Disclaimer: Since I started the draft of this post (July 14th) I’ve came across several people who managed to convey what I was thinking far more eloquently that I ever could. I debated not finishing the post but realised that was succumbing to the very feeling I was trying to express, that it wasn’t “good” enough. So go read John Sonmez post on When Being good is Bad and Iris Classon‘s posts “My First year of Programming“, 365 Stupid Questions” series and her Hanselminutes interview then indulge me as I dump my thought loosely below in my first steps to becoming a better blogger…

“Am I doing this ‘right'”

Since committing to .net a few years ago from Classic asp I’ve increasingly found myself suffering from a mental anguish, an almost irrational fear on whether my code was “right”. It was as if solving the problem was no longer enough, it had to be done “right”. “Right” however proved to be something that always remained just outwith my grasp.

I switched from Classic asp to c# and mvc. Great they said, but you should also use an ORM.

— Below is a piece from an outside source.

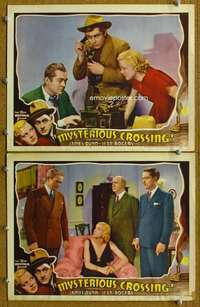 q932 MYSTERIOUS CROSSING 2 movie lobby cards '36 Jean Rogers, Dunn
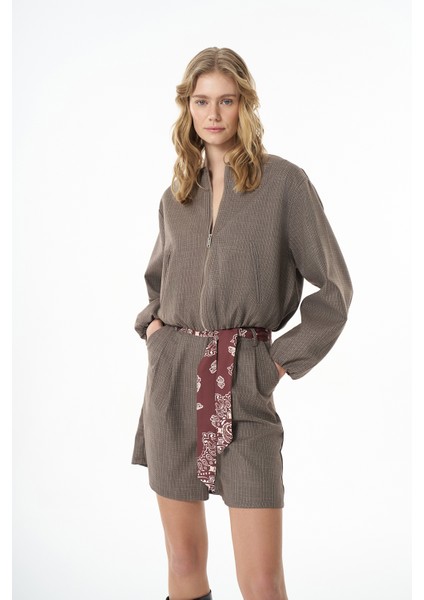 Desenli Kemerli Kırçıllı Şort Kahverengi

So I write some more code and implement linq2sql. Fantastic they say, but it’s outdated, use entity framework.

I rebel. I Install-Package dapper. Fine they say. But you really should be using TDD. And your code isn’t really DRY. And your not following SOLID principles.


I get depressed. I yearn for the simple days where I wrote simple code that Got Stuff Done. When I wasn’t judged. My head tells me that “this is better, this is ‘right'” but my in my heart I don’t feel it. My focus is constantly on the fine detail of the implementation, not on the problem I’m trying to solve. I abandon ideas without even writing any real code because I can’t fit my approach into a mythical model of perfection. I no longer care if I’m solving business needs but instead obsess over what other may think of my code. I become locked in a crippling cycle of Analysis Paralysis.

I despair. This used to be fun.

I consider giving up.

Sadly due to Financial but mainly Marital constraints my dreams of being of joining the circus are cut short and I focus back on what it is I’m missing.

Meet the New Boss, Worse than the old boss

In my earlier days, I was a self-taught Classic ASP programmer. I tried things, copied, pasted and response.write’d my way through several projects, from 3-pages-for-£500 starter sites for local businesses to a knowledge management system that was ultimately rolled out across all Business Gateway offices in Scotland. My focus was always on what the customer wanted. I was the sole developer, architect and often trainer in the systems I built. I took pride in them, followed ‘best practices’ as far as my application design went but ultimately I reveled in the freedom afforded to me by the liberal and seductive ways of Classic ASP.

As time progressed I began to hit the inherent limits of classic ASP. The natural progression was onto .NET and once the MVC framework was released (I’m not a webforms fan) I finally committed both myself and the development team I was leading onto MVC 1.0 and away from Classic ASP.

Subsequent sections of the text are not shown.